Reprint each record exactly. Pictures are not reprinted.

═══ Data records

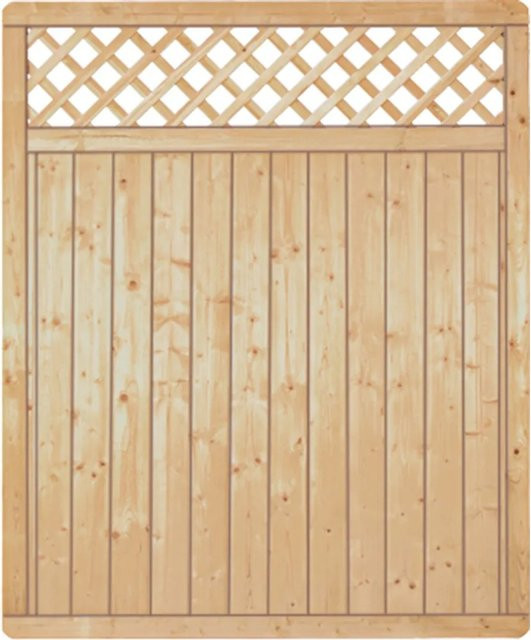 T & J Sichtschutzzaun Classic-Serie Senkrecht Ranki aus imprägniertem Kiefern- und Fichtenholz in Braun, B/H: 150 x 180 cm - Bild 1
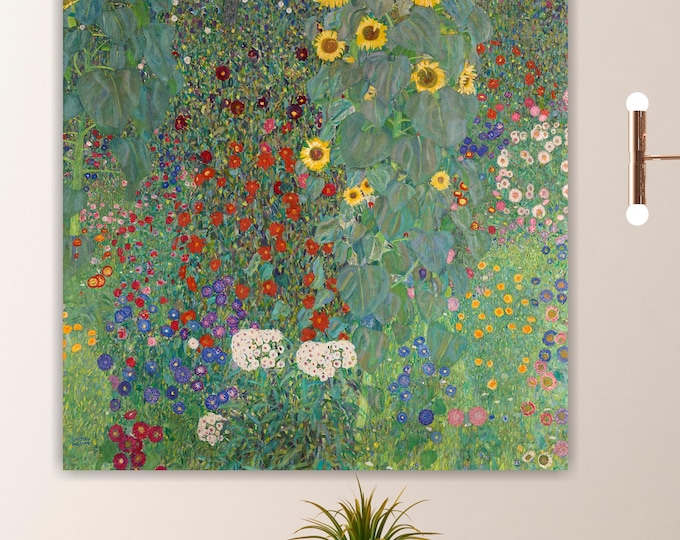 Klimt Farm Garden Art Nouveau Canvas Print: Art Reproduction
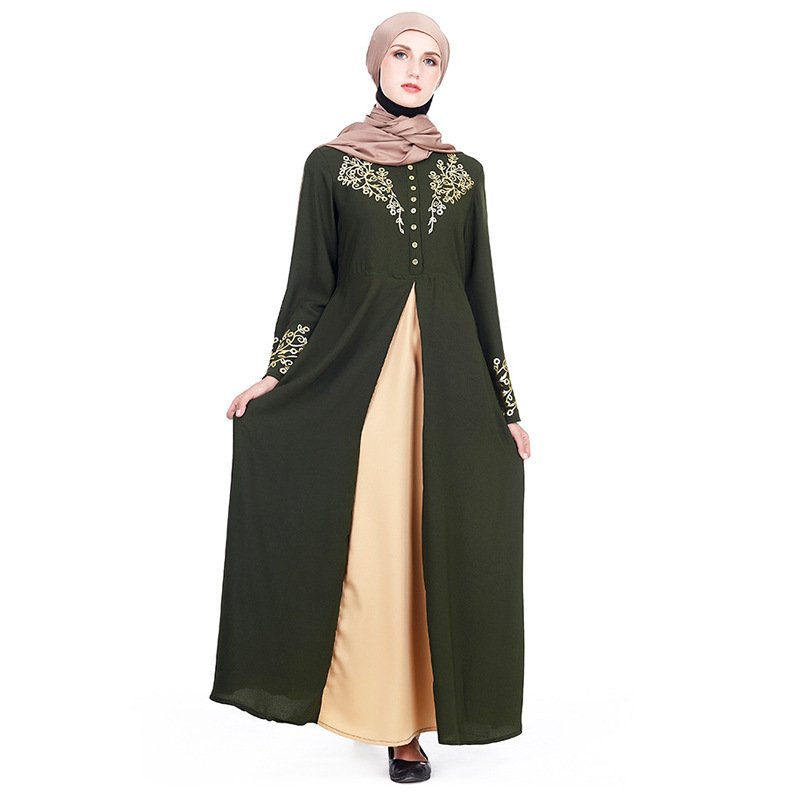 Muslim Dubai Arabian Robe Fashion Bronzing Print Middle East Dress Women Casual Abaya Dresses Islamic Clothing Islamic clothing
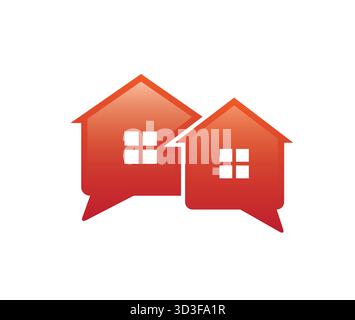 Creative Two Houses Chat Logo Bubble Talk Vector Symbol Design Speech Icon Illustration Stock Vector
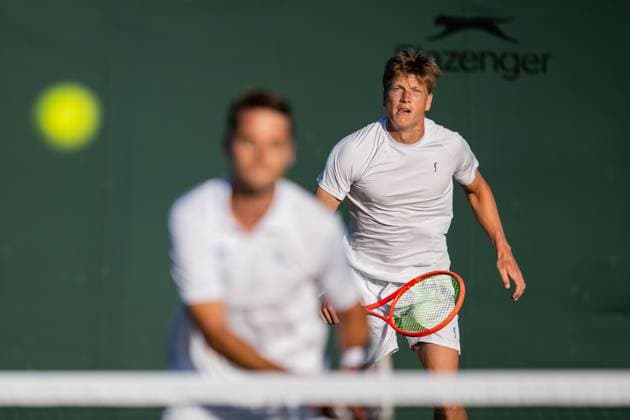 250702 AndrÃ Göransson of Sweden competes in a second round doubles tennis match during day 3 of Wimbledon on July 2, 2025 in London Photo Petter Arvidson BILDBYRAN kod PA PA1047 tennis wimbledon day 3 bbeng sverige  Copyright: PETTERxARVIDSON BB250702PA091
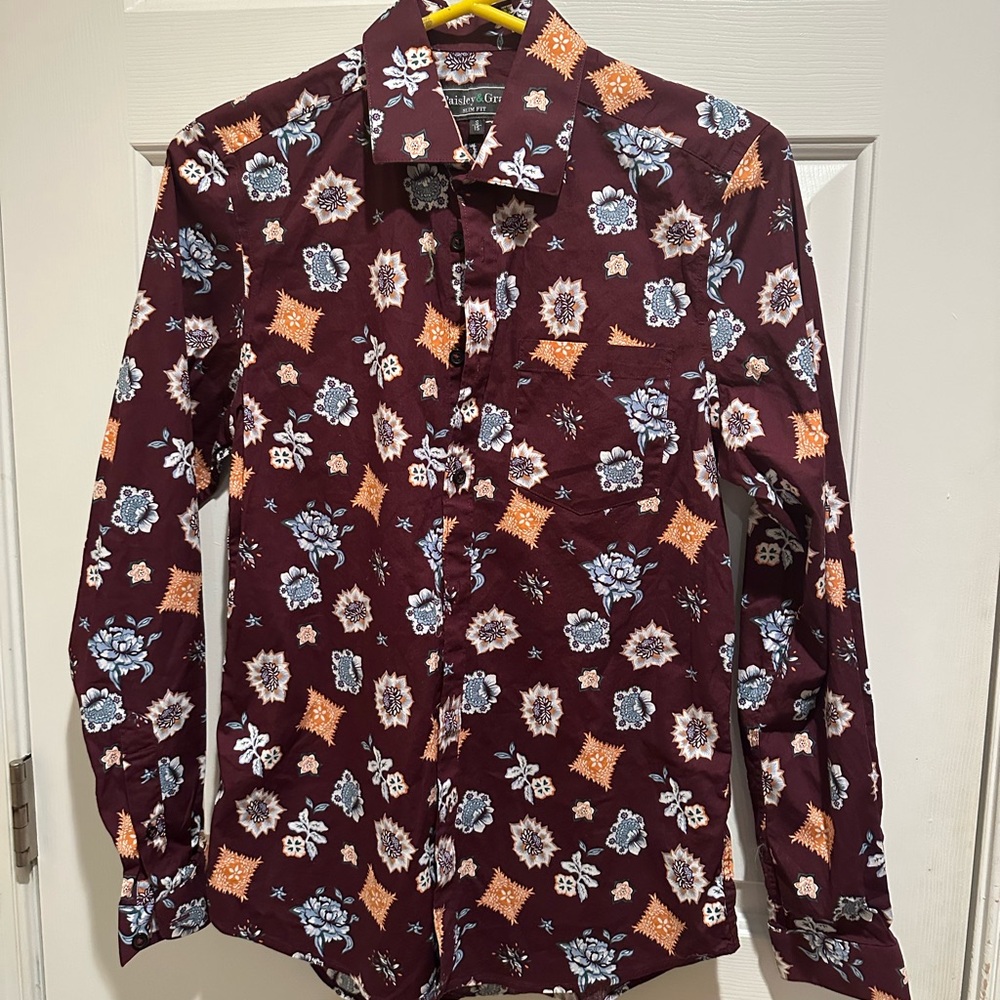 Paisley & Gray Burgundy Floral Shirt Men’s Slim Small 15 Button Down Shirt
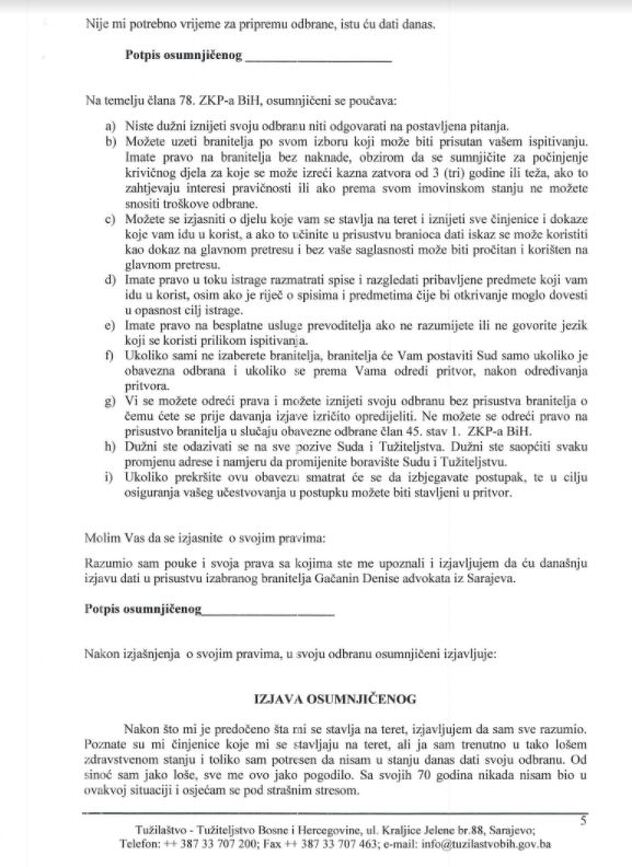 Sadržaj zapisnika ispitivanja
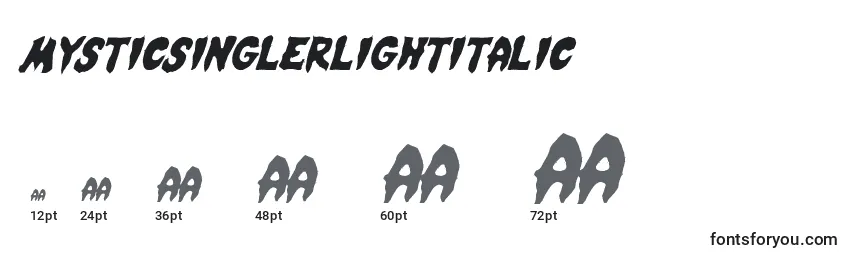 MysticSinglerLightItalic Font Sizes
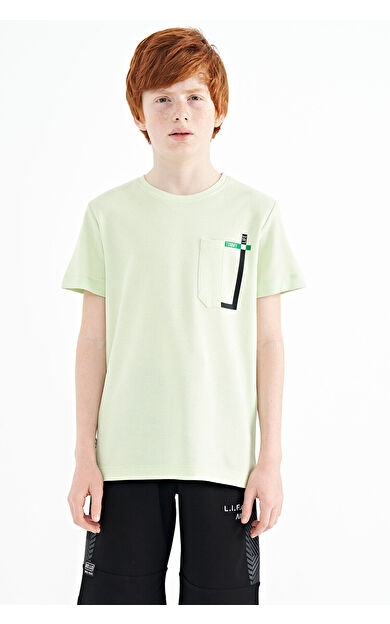 Açık Yeşil Cep Detaylı O Yaka Standart Kalıp Erkek Çocuk T-Shirt - 11120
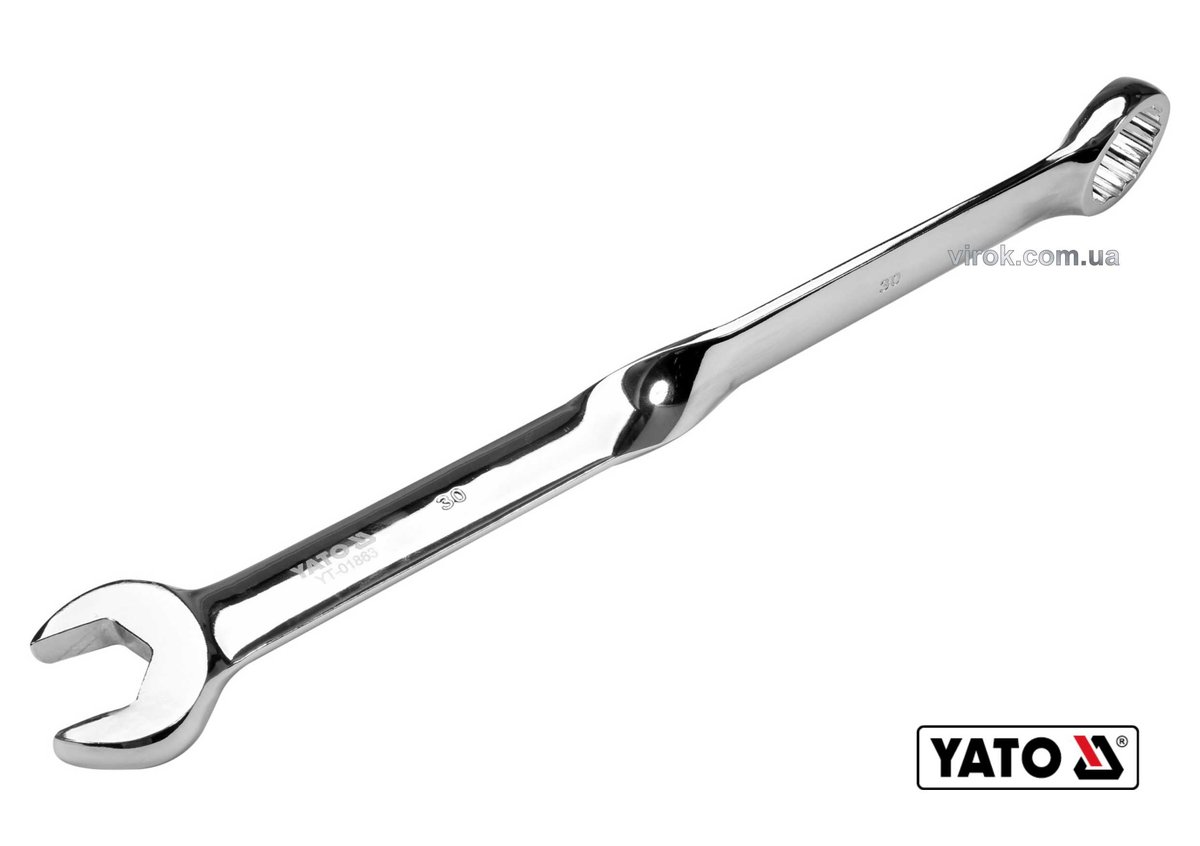 YATO Ключ ріжково-накидний, кручений 90° YATO : М= 30 x 398 мм, Cr-V  | YT-01863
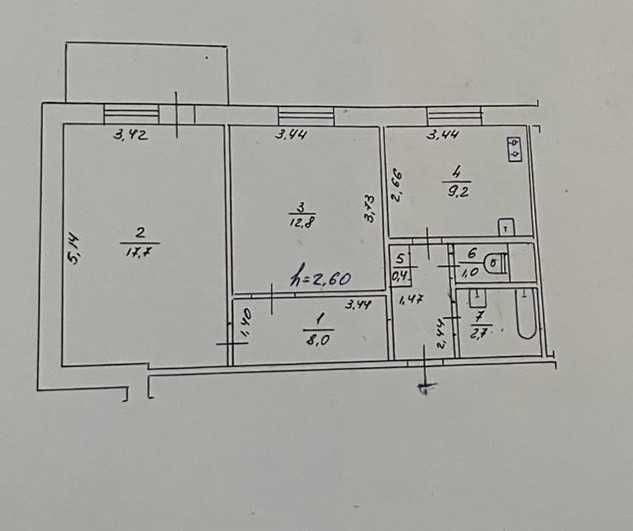 Продаж Двокімнатної  квартири під ремонт - фото 1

══════

Exercise answer:
 T & J Sichtschutzzaun Classic-Serie Senkrecht Ranki aus imprägniertem Kiefern- und Fichtenholz in Braun, B/H: 150 x 180 cm - Bild 1
 Klimt Farm Garden Art Nouveau Canvas Print: Art Reproduction
 Muslim Dubai Arabian Robe Fashion Bronzing Print Middle East Dress Women Casual Abaya Dresses Islamic Clothing Islamic clothing
 Creative Two Houses Chat Logo Bubble Talk Vector Symbol Design Speech Icon Illustration Stock Vector
 250702 AndrÃ Göransson of Sweden competes in a second round doubles tennis match during day 3 of Wimbledon on July 2, 2025 in London Photo Petter Arvidson BILDBYRAN kod PA PA1047 tennis wimbledon day 3 bbeng sverige  Copyright: PETTERxARVIDSON BB250702PA091
 Paisley & Gray Burgundy Floral Shirt Men’s Slim Small 15 Button Down Shirt
 Sadržaj zapisnika ispitivanja
 MysticSinglerLightItalic Font Sizes
 Açık Yeşil Cep Detaylı O Yaka Standart Kalıp Erkek Çocuk T-Shirt - 11120
 YATO Ключ ріжково-накидний, кручений 90° YATO : М= 30 x 398 мм, Cr-V  | YT-01863
 Продаж Двокімнатної  квартири під ремонт - фото 1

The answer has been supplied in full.